_What you need to do_
All entries should be copied exactly; the pictures stay out.

Scraped caption text data:

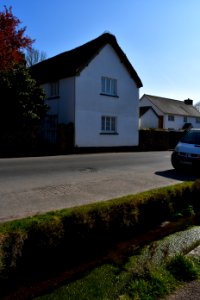 Otterton (2021-04-25) 17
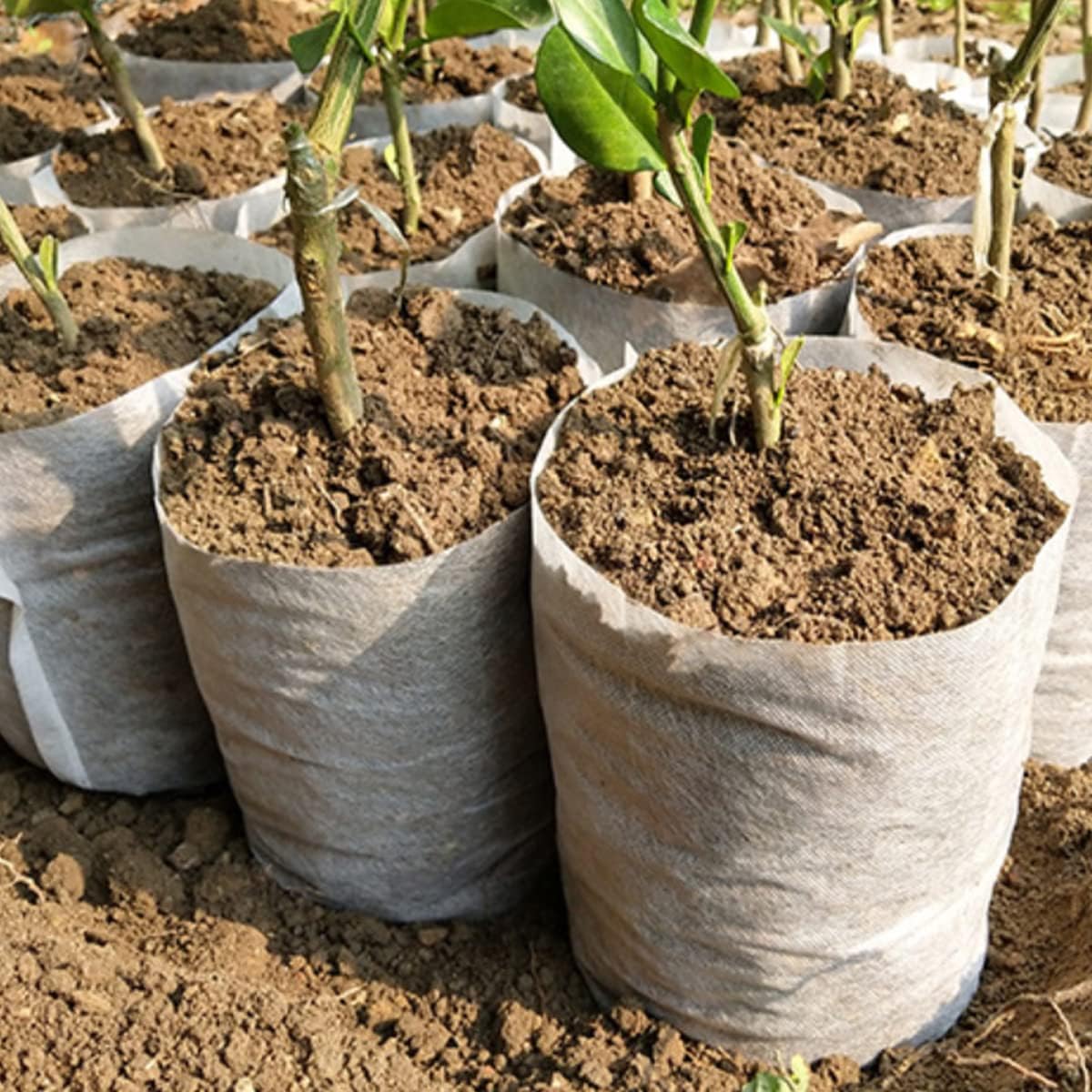 gardtree Plant Nursery Bags 6.3" x 7" 400PCS, Non-Woven Plant Grow Bags Fabric Seedling Starter Pots for Vegetable Flower Fruit Saplings Tree, Home Garden Supply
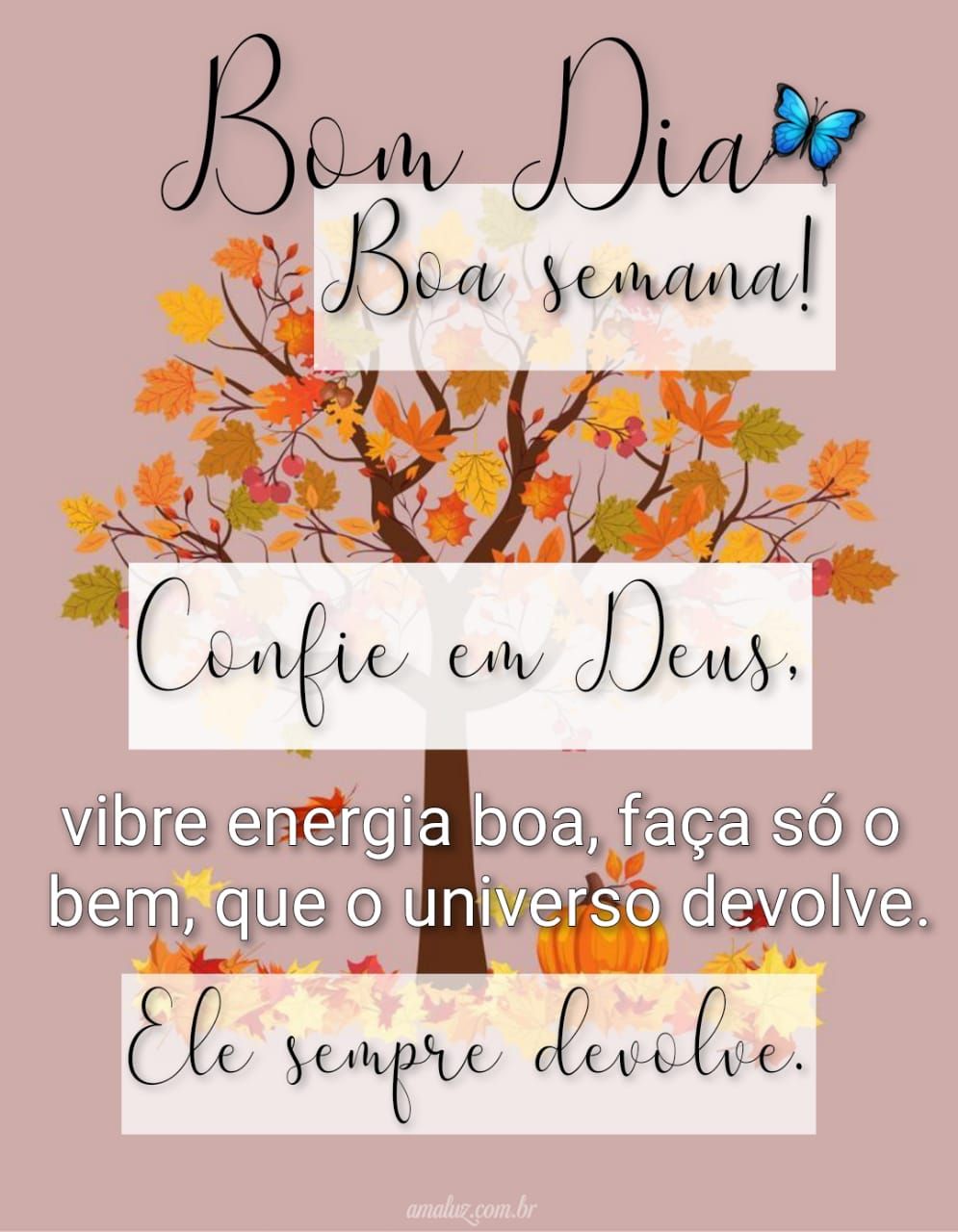 Bom dia e uma boa semana junto a Deus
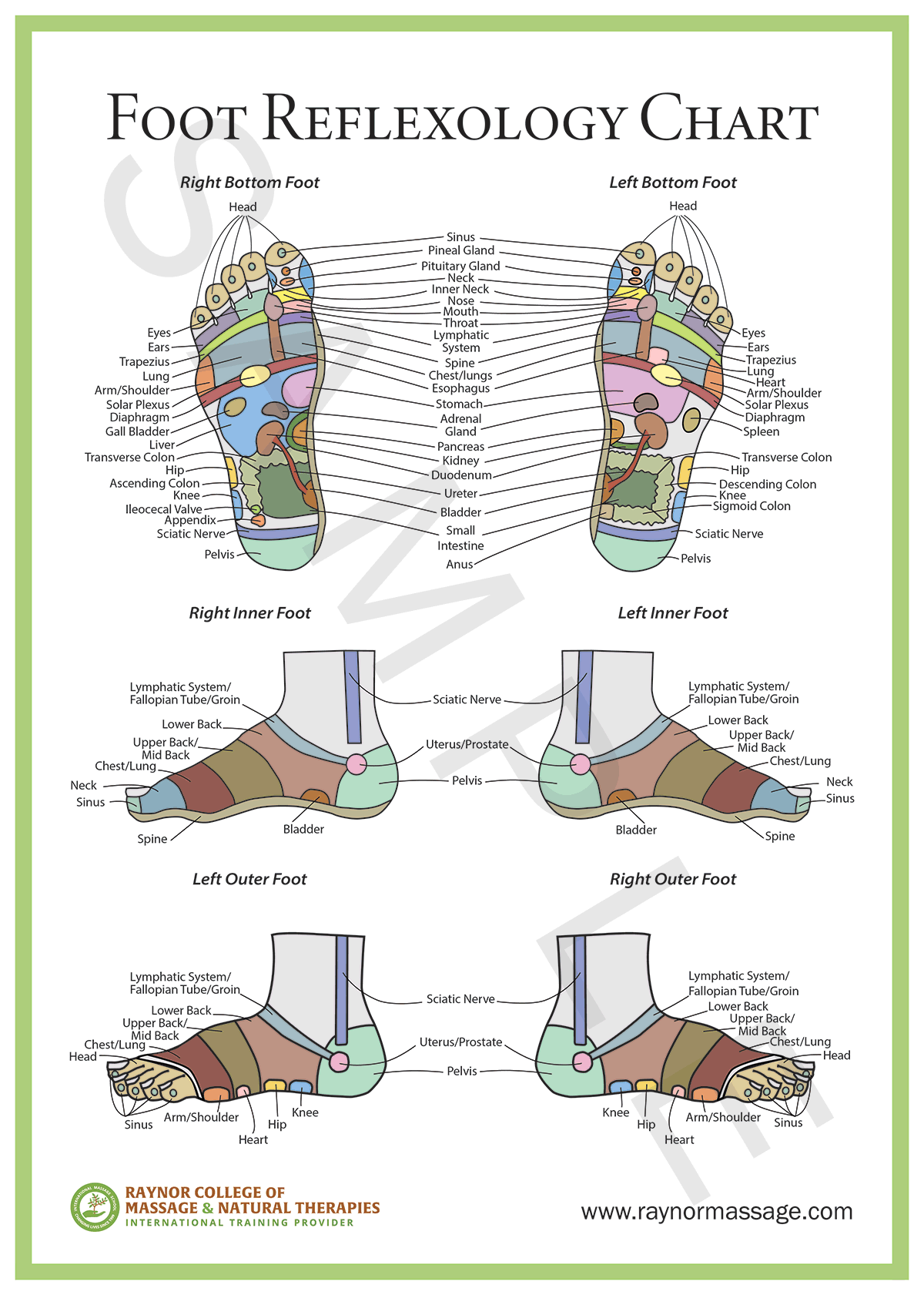 Foot Reflexology Chart Raynor College Of Massage U0026 Natural Therapies Foot Reflexology Chart Raynor College Of Massage U0026 Natural Therapies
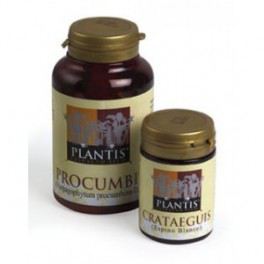 Bilobis Plantis Ginko 60 capsules Bilobis Plantis Ginko 60 capsules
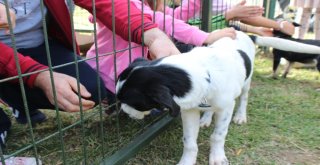 Kağıthanede Çocuklardan Hayvanlara Mektup Rekoru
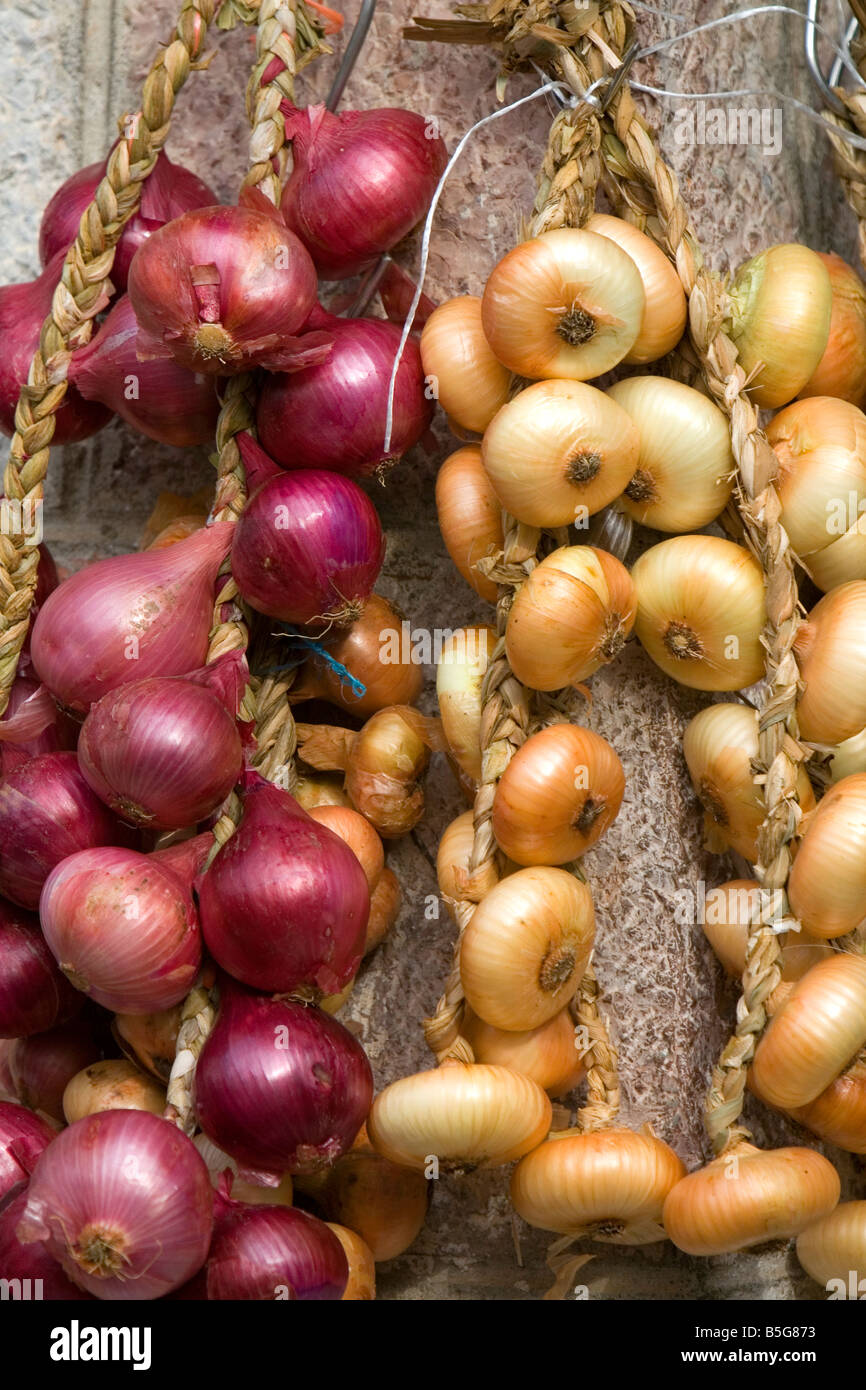 Cipolle venga venduta a un mercato all'aperto nella città di Cangas de Onis Asturias Spagna settentrionale Foto Stock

_Response area_
 Otterton (2021-04-25) 17
 gardtree Plant Nursery Bags 6.3" x 7" 400PCS, Non-Woven Plant Grow Bags Fabric Seedling Starter Pots for Vegetable Flower Fruit Saplings Tree, Home Garden Supply
 Bom dia e uma boa semana junto a Deus
 Foot Reflexology Chart Raynor College Of Massage U0026 Natural Therapies Foot Reflexology Chart Raynor College Of Massage U0026 Natural Therapies
 Bilobis Plantis Ginko 60 capsules Bilobis Plantis Ginko 60 capsules
 Kağıthanede Çocuklardan Hayvanlara Mektup Rekoru
 Cipolle venga venduta a un mercato all'aperto nella città di Cangas de Onis Asturias Spagna settentrionale Foto Stock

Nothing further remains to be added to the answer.